Of all the coverage of the Penn State meltdown I’ve watched in this last week of madness — and I’ve honestly tried to watch as little possible; the story is so profoundly depressing that it damages one’s soul just to think about it — the thing that keeps sticking with me is an interview Rick Pizzo of the Big Ten Network did with Joe McIntyre, a student who covers football for the Penn State Daily Collegian. In the wake of all the shockingly ill-considered student protests, McIntyre was the stand-in for The Student Body, a representative to an outside adult world wondering what in the hell is wrong with you kids? McIntyre played the part perfectly, earnest explaining that students were upset that Joe Paterno was fired via telephone call, that the football team was trying to win a Big Ten championship and this was a distraction, that Paterno should be able to go out “on his own terms” and all sorts of other things that absolutely didn’t matter a goddamned bit. This is a good kid who just wants to be at Penn State and write about football and party and have fun, and he has probably wanted to do all those things since he first learned what any of them were. All that has been blown up in four days. He wasn’t ready to say goodbye to it, and no one else was either.
Penn State played its first football game without Joe Paterno on the sidelines in 62 years today, and the final score was so insignificant it’s not even worth mentioning here. Today was the ending of six decades of a social structure so insular, so close-knit, that everyone inside it felt protected enough that they never realized no one was. Penn State will have more football games, and a new coach, and new players, but it’ll never be like it was again. That’s what today’s game was about; it was a gathering of public mourning.

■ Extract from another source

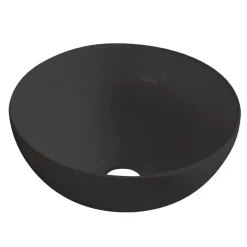 Rund servant i porselen frittstående/toppmontert svart Ø40 cm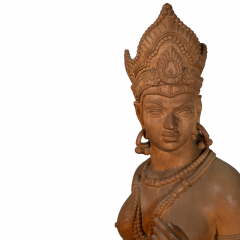 A LIFE SIZE CARVED WOOD SCULPTURE OF THE HINDU GODDESS PARVATI - 3565262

In a way, it reminded me a little of the regular church gatherings writer Dave Cullen wrote about in his book Columbine that took place in the weeks after the shootings. People just wanted to go someplace that was familiar, that was safe, that made some sense. In suburban Denver, that was church; in Happy Valley, it was Beaver Stadium. A little has been made of a protestor outside the stadium with signs saying, “The kids are what this is all about. Not wins or losses. Put the kids first. Don’t be fooled. They all knew. Tom Bradley and all must go,” and of course he is right, and of course the (few) people who accosted him were wrong. All that will be settled, and those at fault will be punished, even if none of them could possibly be as punished as we all want them to be, as they probably should be.
But today was not about that. Today was about saying goodbye. Not to Joe Paterno, not to the seniors playing their last game at home, not to a football program that had grown too powerful. It was about saying goodbye to a whole way of life, a whole organizing social structure for hundreds of thousands of people who thought they were on the good side of the planet … and weren’t. Michael Weinreb’s writing about growing up Penn State at Grantland has been particularly wrenching all week. As he put it:
[Friends of Weinreb’s who moved to Happy Valley from NYC] did so because they couldn’t afford to raise children in Manhattan, but they also did it because he couldn’t imagine a safer place to raise their kids than a little town in a valley situated three hours from everywhere. I don’t know what it feels like to grow up there now. I want these things to disappear from my consciousness, but they won’t. The place where I grew up is gone, and it’s not coming back.
Football didn’t mean anything today, the game didn’t mean anything today, Joe Paterno didn’t even mean anything today. This was about the culture of Penn State, the fans and alums and, yes, staff, who have grown up, now clearly unwisely, with that as the central organizing principle of their lives. This was about them saying goodbye. It’s gone, and it’s not coming back.